Although we are ceasing flight operations, it is important to note that the company has not entered bankruptcy and will continue to operate certain segments of the business. We will continue to support the ADI flights operating between Denver, Pierre and Watertown.
For those customers who are holding tickets on flights on/after 3/27/18, please contact your original booking source for a refund.

http://www.greatlakesav.com

Guess I'll be making an 8.5 hour drive to get my dad to the Phoenix airport :(
 

CHRIS MCBETH

Well-Known Member
3/26/18
Great Lakes Suspends Scheduled Flight Operations
As a result, at midnight tonight – Monday, 3/26/18, Great Lakes will suspend scheduled flight operations as an air carrier.
Although we are ceasing flight operations, it is important to note that the company has not entered bankruptcy and will continue to operate certain segments of the business. We will continue to support the ADI flights operating between Denver, Pierre and Watertown.
For those customers who are holding tickets on flights on/after 3/27/18, please contact your original booking source for a refund.

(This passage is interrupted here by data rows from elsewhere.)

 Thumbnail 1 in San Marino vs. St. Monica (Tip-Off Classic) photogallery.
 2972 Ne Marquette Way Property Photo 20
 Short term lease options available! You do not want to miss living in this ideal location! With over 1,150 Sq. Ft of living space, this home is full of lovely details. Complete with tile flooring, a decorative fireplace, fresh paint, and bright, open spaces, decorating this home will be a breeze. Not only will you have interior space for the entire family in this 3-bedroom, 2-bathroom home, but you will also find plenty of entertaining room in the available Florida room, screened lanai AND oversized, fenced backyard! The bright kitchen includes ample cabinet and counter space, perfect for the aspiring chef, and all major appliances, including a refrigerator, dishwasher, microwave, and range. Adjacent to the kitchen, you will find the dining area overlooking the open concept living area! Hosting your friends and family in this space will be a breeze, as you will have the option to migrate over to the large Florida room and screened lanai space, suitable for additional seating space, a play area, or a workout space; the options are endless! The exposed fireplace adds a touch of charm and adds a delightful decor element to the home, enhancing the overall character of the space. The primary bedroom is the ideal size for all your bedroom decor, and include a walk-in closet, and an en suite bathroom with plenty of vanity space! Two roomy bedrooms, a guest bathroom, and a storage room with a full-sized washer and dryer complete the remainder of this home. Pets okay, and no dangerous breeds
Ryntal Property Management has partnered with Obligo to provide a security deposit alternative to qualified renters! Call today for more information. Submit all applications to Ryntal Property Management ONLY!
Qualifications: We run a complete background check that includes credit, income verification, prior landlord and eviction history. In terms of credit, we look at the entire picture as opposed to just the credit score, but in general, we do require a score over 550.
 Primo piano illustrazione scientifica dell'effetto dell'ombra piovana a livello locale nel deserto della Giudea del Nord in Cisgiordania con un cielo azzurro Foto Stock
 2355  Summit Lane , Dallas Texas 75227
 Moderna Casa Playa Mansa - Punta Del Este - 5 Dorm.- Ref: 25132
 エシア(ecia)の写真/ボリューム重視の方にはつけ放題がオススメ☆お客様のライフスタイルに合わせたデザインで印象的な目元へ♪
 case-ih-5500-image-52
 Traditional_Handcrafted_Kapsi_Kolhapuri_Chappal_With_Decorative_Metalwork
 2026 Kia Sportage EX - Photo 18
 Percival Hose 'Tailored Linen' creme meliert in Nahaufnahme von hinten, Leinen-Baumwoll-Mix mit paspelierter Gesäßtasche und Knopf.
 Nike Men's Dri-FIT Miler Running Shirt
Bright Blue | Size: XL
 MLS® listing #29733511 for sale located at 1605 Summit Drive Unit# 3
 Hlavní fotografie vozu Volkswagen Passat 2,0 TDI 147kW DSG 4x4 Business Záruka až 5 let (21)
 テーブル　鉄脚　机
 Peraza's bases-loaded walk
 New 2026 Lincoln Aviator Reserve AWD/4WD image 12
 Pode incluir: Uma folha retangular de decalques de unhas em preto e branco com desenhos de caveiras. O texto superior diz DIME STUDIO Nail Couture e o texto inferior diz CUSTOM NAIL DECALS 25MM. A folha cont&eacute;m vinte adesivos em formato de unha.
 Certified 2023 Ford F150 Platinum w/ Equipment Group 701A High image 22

http://www.greatlakesav.com

Guess I'll be making an 8.5 hour drive to get my dad to the Phoenix airport :(

Drop him off in Flagstaff. There are commuter flights to PHx from there
 

Gem Morris

Well-Known Member
I’ve used them many times on the Denver to Pierre route to go pheasant hunting in South Dakota. Although I’m glad to see that route is still open it makes me wonder what is going on and if that route is also in jeopardy of closing? It was/is just a 20 seater prop plane and only made 1 maybe 2 runs per day - can’t imagine it generates enough revenue to be so important?
 

cfulton

Well-Known Member
The only reason Great Lakes has been in business on any of it's routes is the Essential Air Service (EAS) subsidy from good 'ol Uncle Sam....ie: you and me. That Government program pays airlines, who bid to get the subsidy, to fly routes that are not otherwise profitable. Looks to me that they could not even be profitable on welfare.
Chuck
 

cfulton

Well-Known Member
That's only part of their problem. To solve that one GL converted many Beech 1900 interiors to 9 pax so they can fly them single pilot and let lesser experienced pilots ride up front to log time to help them get the 1500. I don't think the pilot shortage was the main reason they shut down but it is an ongoing problem for all airlines. I suspect that many of their higher time pilots are being recruited by the majors...kind of slippery slope right now and the commuter/smaller guys at the bottom of the food chain. The FAA is working on a more reasonable cockpit qualification system.
Chuck
 

Leardriver

Well-Known Member
The Beech 1900 is made as a 19 seater because....when you get to 20 seats, you are required to have a flight attendant.
Great Lakes has always paid very low wages, and people would work there because they weren't going to be there long, and the experience and quick flight hour building was great. Now, the major airlines are desperate, and standards have been greater relaxed. You can get hired at Frontier or Spirit with a pulse and a passport, as the saying goes.
I hate seeing anyone close up shop, but their business model was dependent on very cheap labor.
 

Gem Morris

Well-Known Member
Yah but the pilot has quite a bit of skin in the game😀

Besides, what better way to die than on your way to hunt pheasants in South Dakota?!

Unless it’s returning home after a successful hunt there!!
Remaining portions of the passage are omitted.